When you deploy and first run Cribl Stream software, it generates a GUID (globally unique identifier) and stores it in a .dat file located in CRIBL_HOME/bin/. For example:

# cat CRIBL_HOME/bin/676f6174733432.dat

{"it":1570724418,"phf":0,"guid":"48f7b21a-0c03-45e0-a699-01e0b7a1e061"}

When deploying Cribl Stream as part of a host image or VM, be sure to remove this file, so that you don’t end up with duplicate GUIDs. The file will regenerate on the next run.

Error: “Failed to fetch”

Cause: This occurs only when accessing Data > Collectors.
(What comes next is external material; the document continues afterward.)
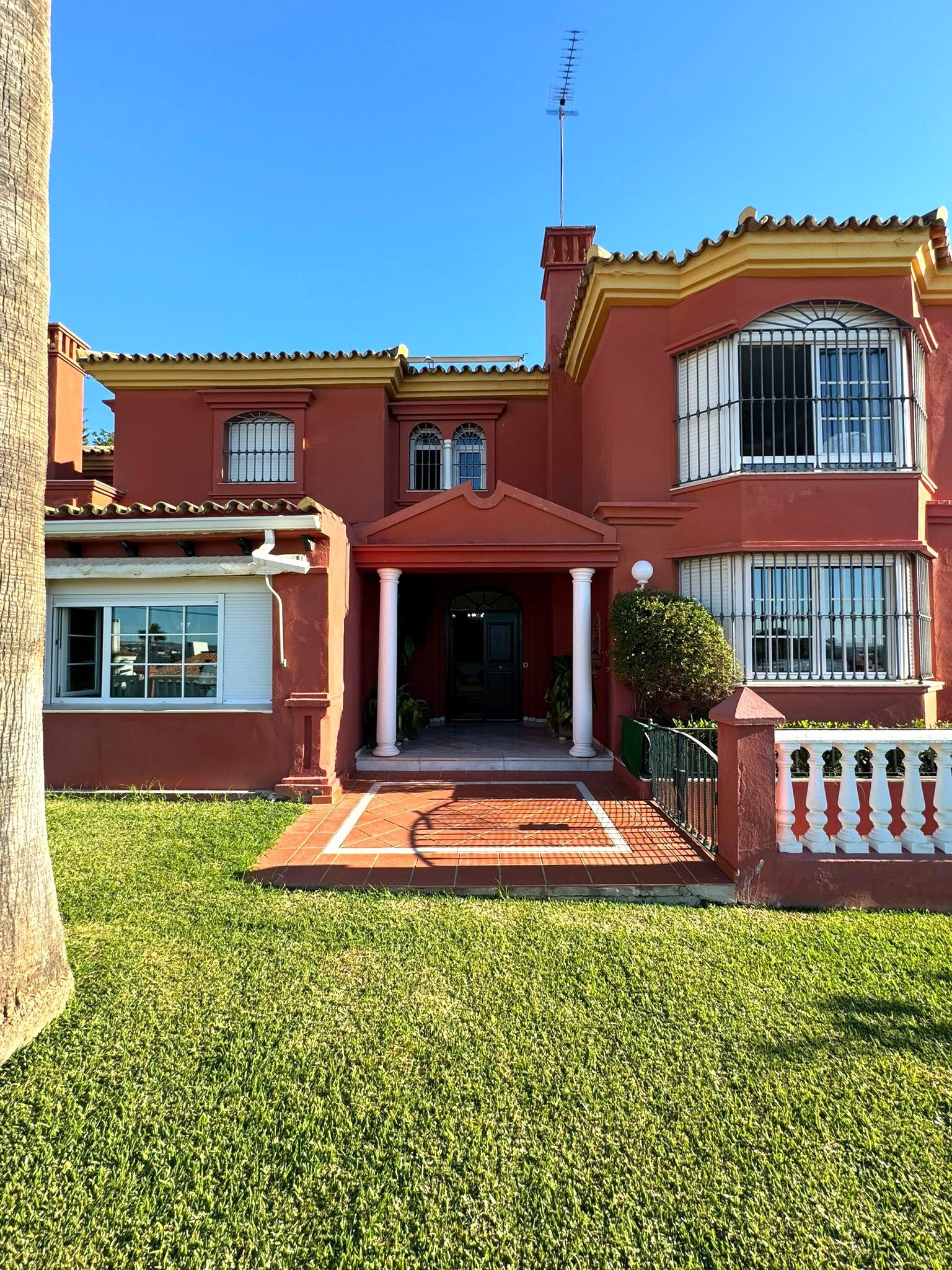 Exterior view of House or chalet for sale in Estepona  with Air Conditioner, Heating and Private garden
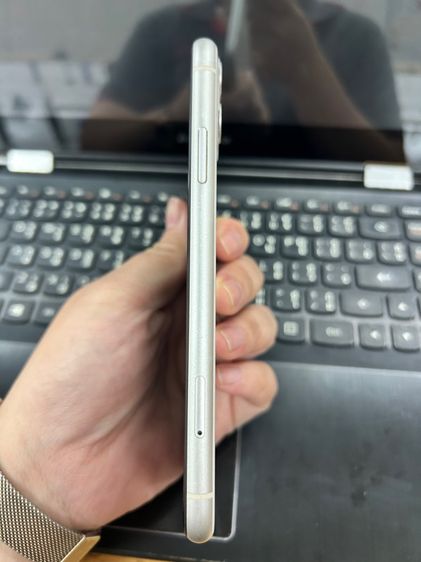 ไอโฟน11 รูปที่ 2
It can occur with ad blockers, and occurs with the Brave browser (because the newly loaded page’s URL includes the string collector).

Recommendation: If you have an ad blocker, allowlist the https://<hostname>:9000/jobs/collectors (single-instance) URL or the https://<masternode>:9000/m/<group_name>/jobs/collectors (Leader) URL.

Error: “No workers registered”

Cause: Occurs during a live data capture, when there are no Workers available to fulfill the capture request. This error can be triggered if you attempt to capture events too quickly following a commit & deploy.

Recommendation: There are two things you can try:

  • If you recently committed and deployed changes, wait 30 seconds and retry the live capture.

  • Navigate to Manage > Workers and confirm there are Workers currently registered with the Leader. Note that the error appears on a per-Group basis, which means that even if you have Workers registered, they may not be in the Group you’re capturing live data from.

Error: “The Config Helper service is not available because a configuration file doesn’t exist or the settings are invalid. Please fix it and restart Cribl Stream.”

Cause: Occurs only on Leader Nodes. Each Worker Group relies on a config helper process that runs on its behalf on a Leader Node, and that process is not currently running. This error is usually triggered by restarting Cribl Stream on the Leader Node, and then trying to access one of these UI features before the Cribl Stream server is fully up:

  • Groups or Configure link (3.x).
  • Worker Groups menu (2.x).
  • Manage > Groups or Manage > Workers tabs (4.x).

Recommendation: Try again in a few seconds. If you’ve made changes to the backend or filesystem permissions, stop Cribl Stream, and make sure the cribl user owns all relevant assets, before restarting: sudo chown -R cribl.cribl /opt/cribl

Warning: “KMS saved, but secret exists in destination location. No data migrated.”

Cause: This will appear when you attempt to save KMS Settings with a Secret Path entry that references a secret that already exists in HashiCorp Vault. It can also occur with OpenID Connect remote authentication. Cribl Stream has aborted the remote write to avoid overwriting an external shared secret.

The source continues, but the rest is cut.